* Raw data:
____________

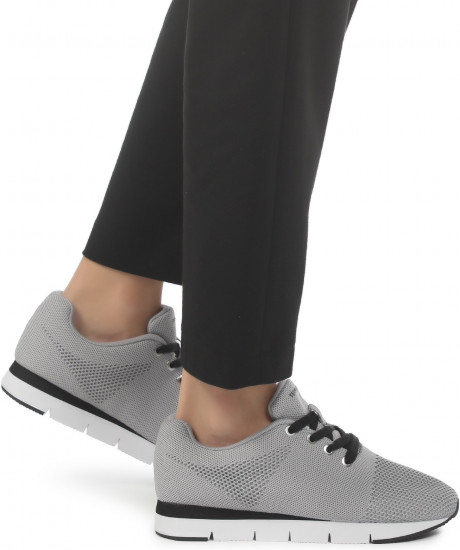 Кроссовки женские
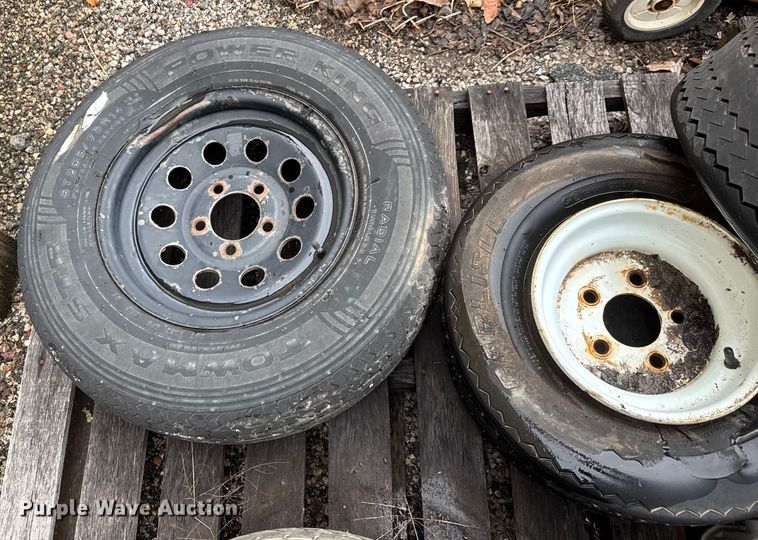 image for item EM8239 Lawn equipment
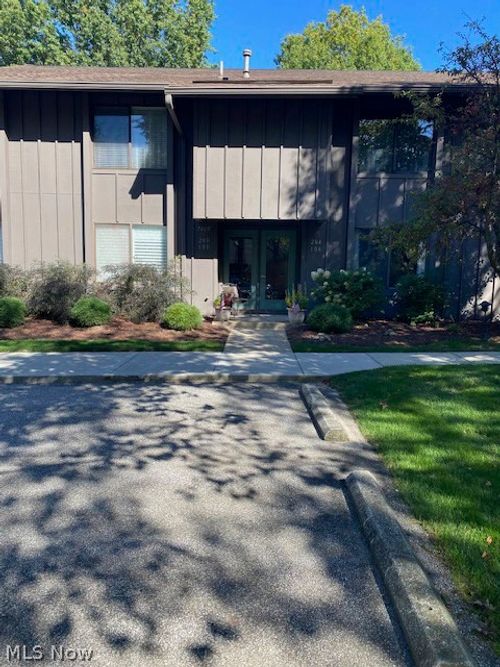102-7465 Millrace Lane, Sagamore Hills, OH, 44067 | Card Image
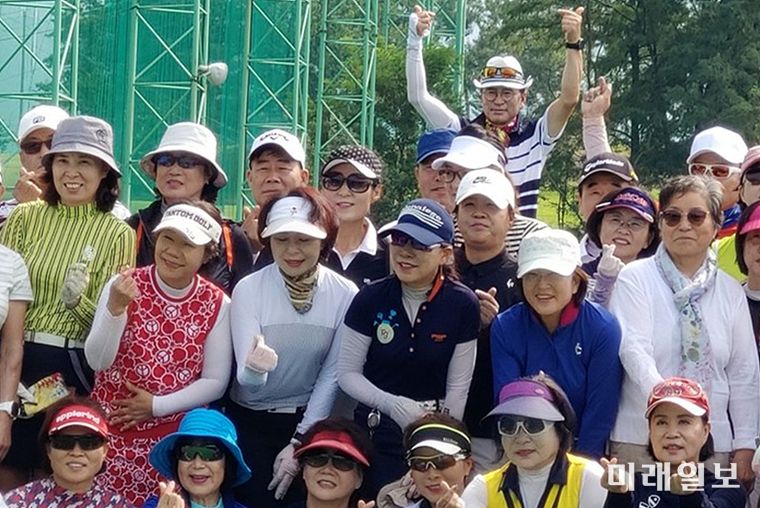 2일 강원도 원주시 반곡동 (주)호텔인터불고 원주에서 개최된 개관 10주년을 기념 '원주시민골프대회'에서 참가자들이 기념촬영을 하고 있다./사진=시사포토뱅크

____________

* Required action: Using the material above, restate word for word the lines from the line that has "image for item EM8239 Lawn equipment" to the last line, inclusive, with pictures omitted.

* Problem solution:
 image for item EM8239 Lawn equipment
102-7465 Millrace Lane, Sagamore Hills, OH, 44067 | Card Image
 2일 강원도 원주시 반곡동 (주)호텔인터불고 원주에서 개최된 개관 10주년을 기념 '원주시민골프대회'에서 참가자들이 기념촬영을 하고 있다./사진=시사포토뱅크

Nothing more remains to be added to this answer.